TASK STATEMENT: Copy all entries verbatim and keep any pictures out of the copy.

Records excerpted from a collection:
════════════════════

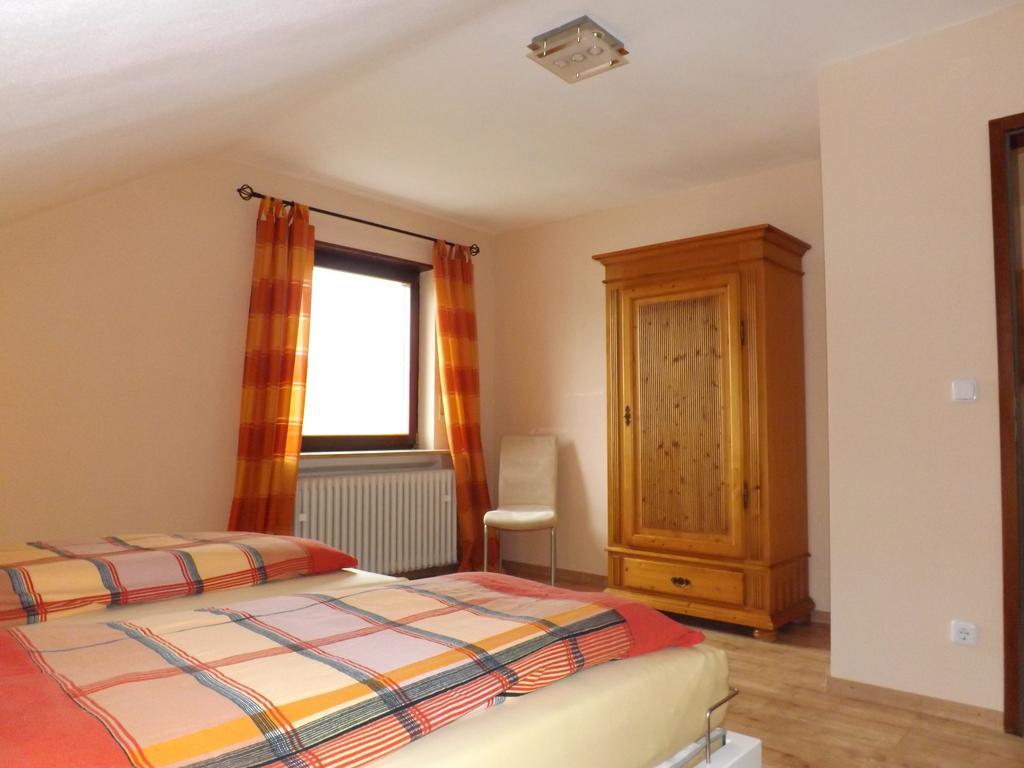Ferienwohnung Feriendomizil am Rheinbogen Altlussheim Exterior foto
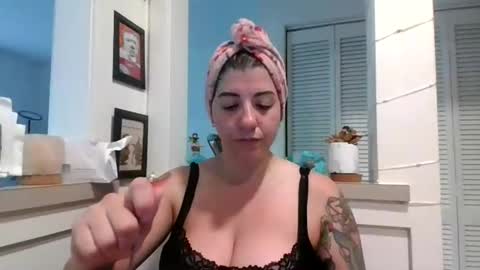 MissMona online show from May 31, 2026, 10:11 pm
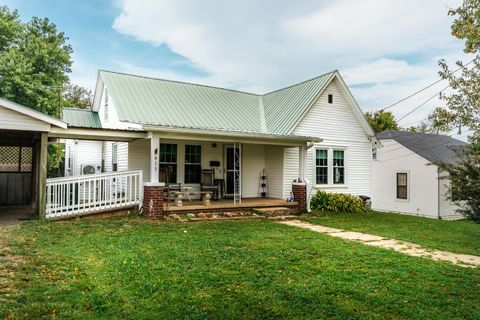 Photo of 415 Swan Ave, Hohenwald, TN 38462 (MLS # 2996029)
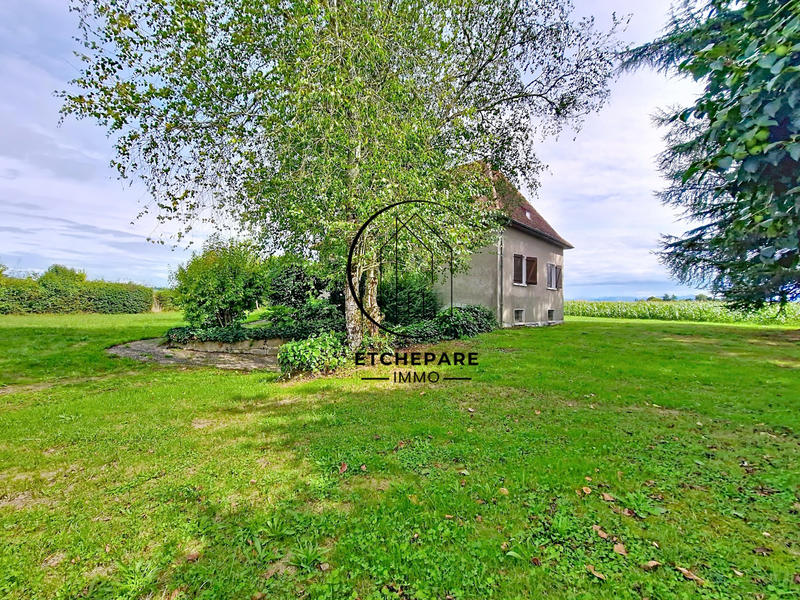 Maison - 167 m² - 6 pièces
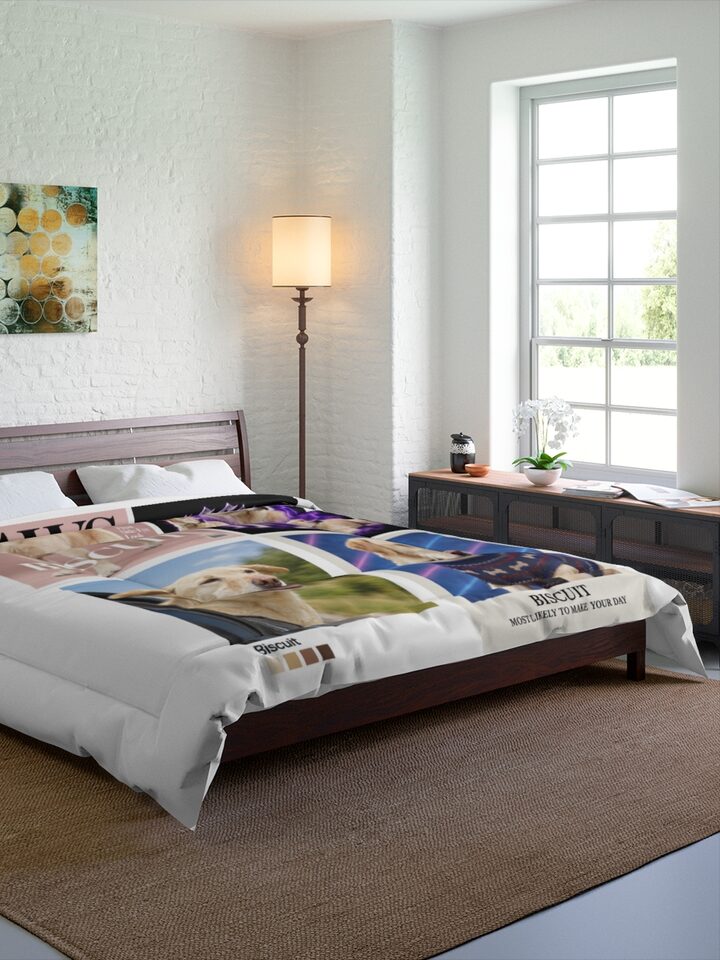 Example design with the pet name Biscuit: on your bed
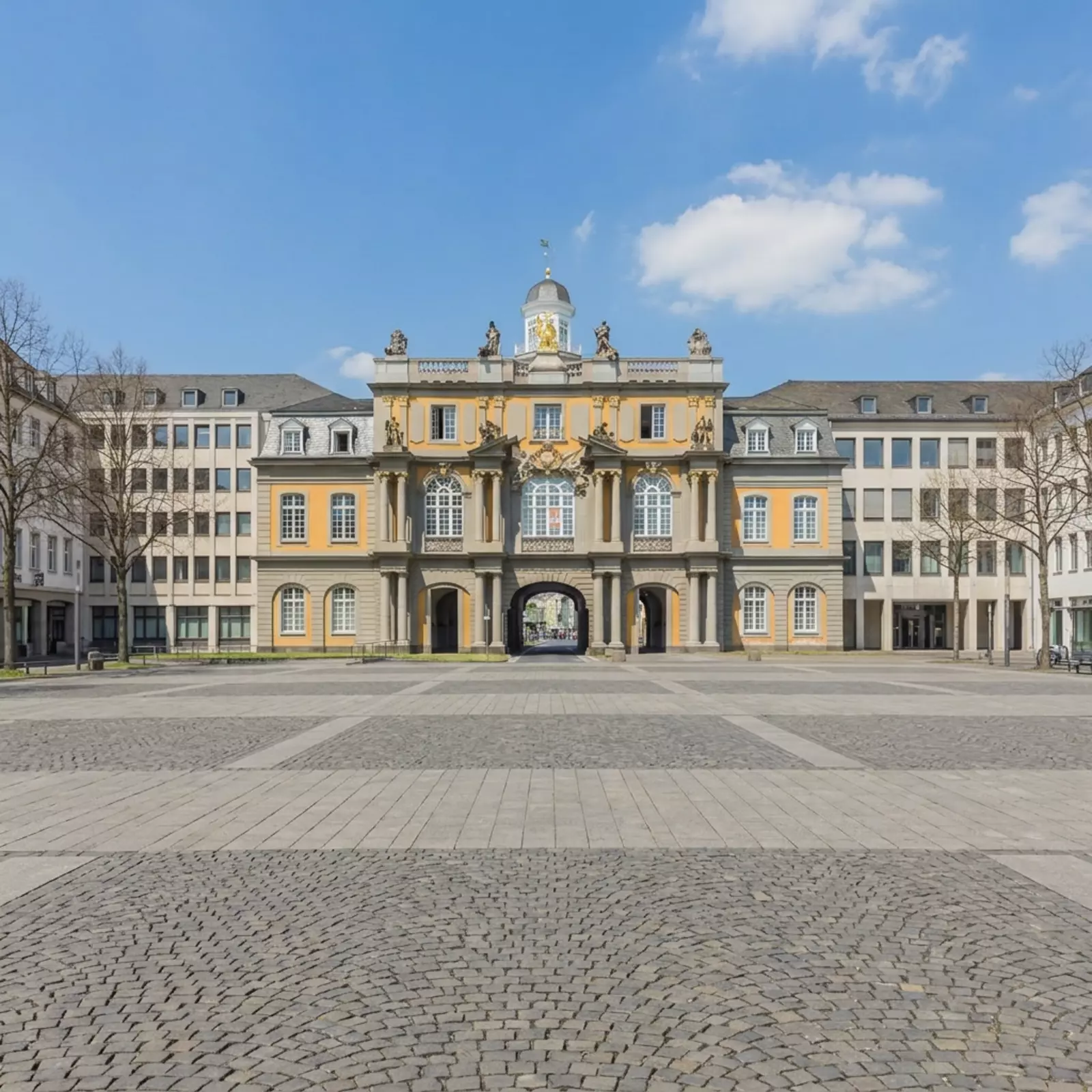 Fotorealistische 1:1-Aufnahme des Friedensplatzes mit Rathaus und Stadthaus, menschenleer.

════════════════════

WRITTEN SOLUTION:
Ferienwohnung Feriendomizil am Rheinbogen Altlussheim Exterior foto
 MissMona online show from May 31, 2026, 10:11 pm
 Photo of 415 Swan Ave, Hohenwald, TN 38462 (MLS # 2996029)
 Maison - 167 m² - 6 pièces
 Example design with the pet name Biscuit: on your bed
 Fotorealistische 1:1-Aufnahme des Friedensplatzes mit Rathaus und Stadthaus, menschenleer.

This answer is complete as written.